## The problem
Word for word, copy out the data below, omitting pictures.

## Data below
####

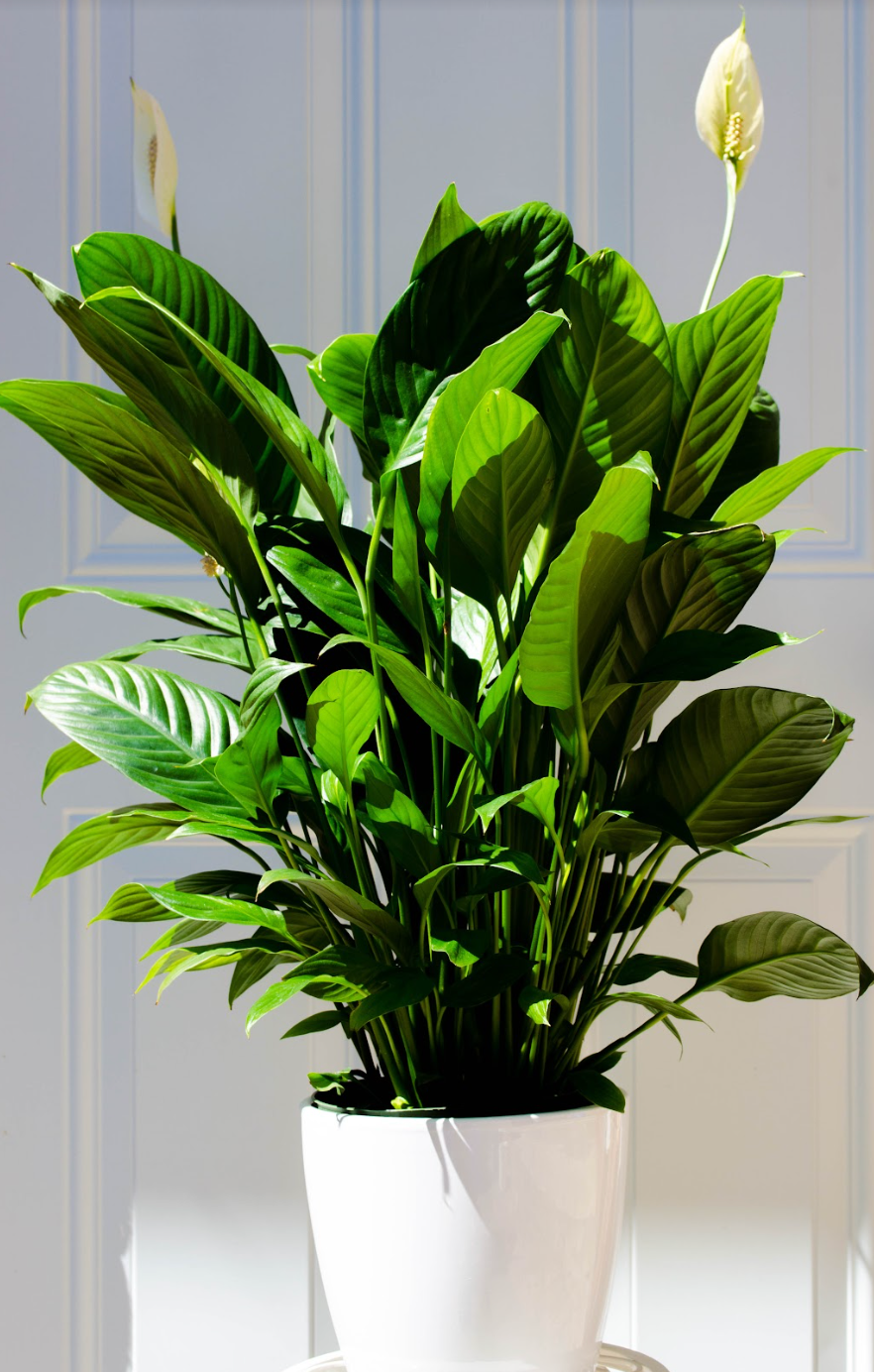 peace lily sebastiano P22: Peace Lily Plant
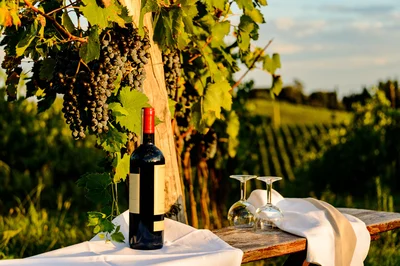 Hill Country Wineries by Rental Car: Safe Routes & Parking
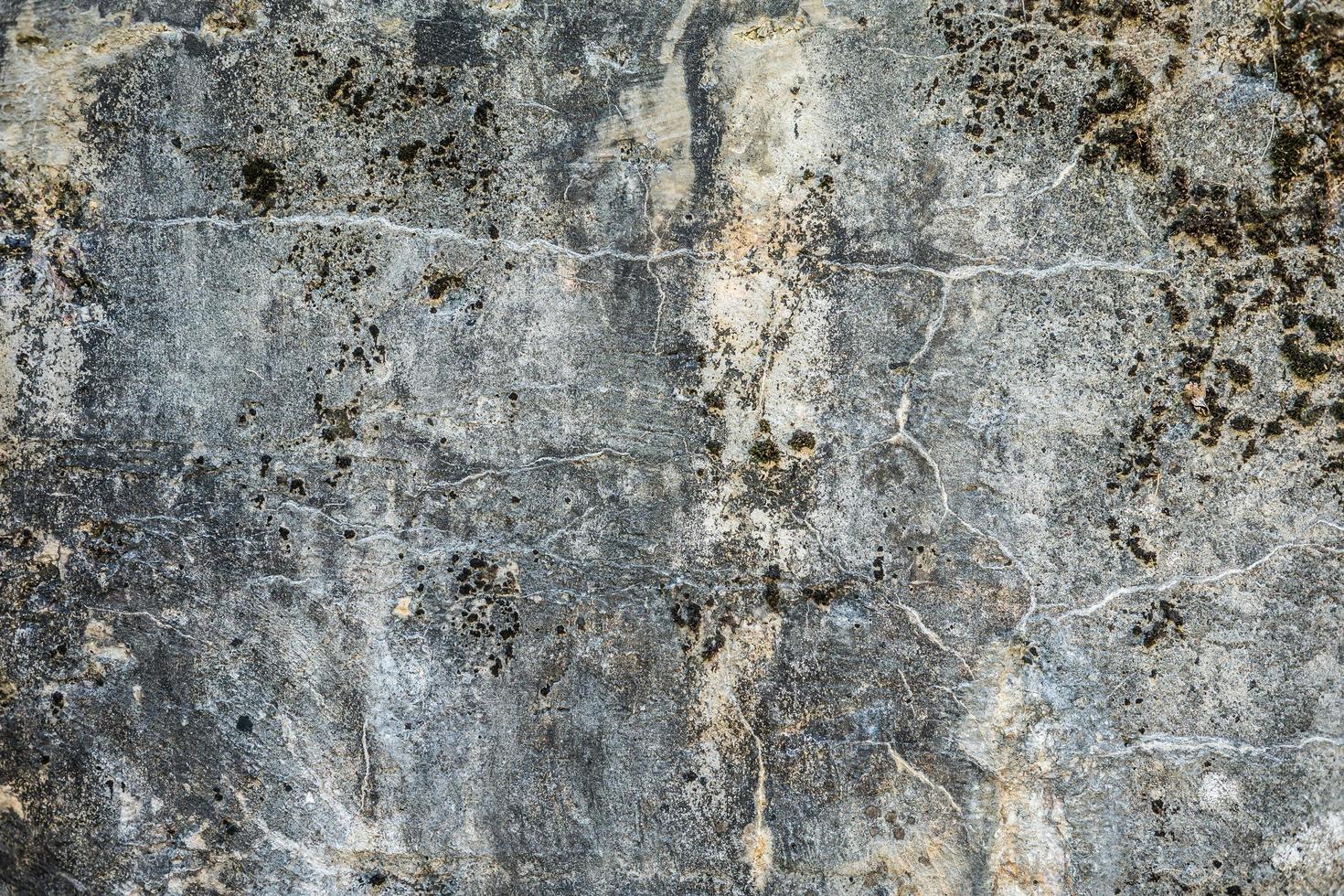 superficie del muro di cemento grigio di una fortezza militare in fessure ricoperte di muschio foto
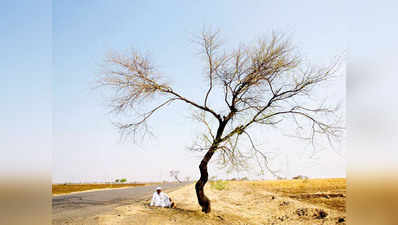 मराठवाड़ा में 4 महीने में 342 किसानों ने की आत्महत्या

####

## Answer box
 peace lily sebastiano P22: Peace Lily Plant
 Hill Country Wineries by Rental Car: Safe Routes & Parking
 superficie del muro di cemento grigio di una fortezza militare in fessure ricoperte di muschio foto
 मराठवाड़ा में 4 महीने में 342 किसानों ने की आत्महत्या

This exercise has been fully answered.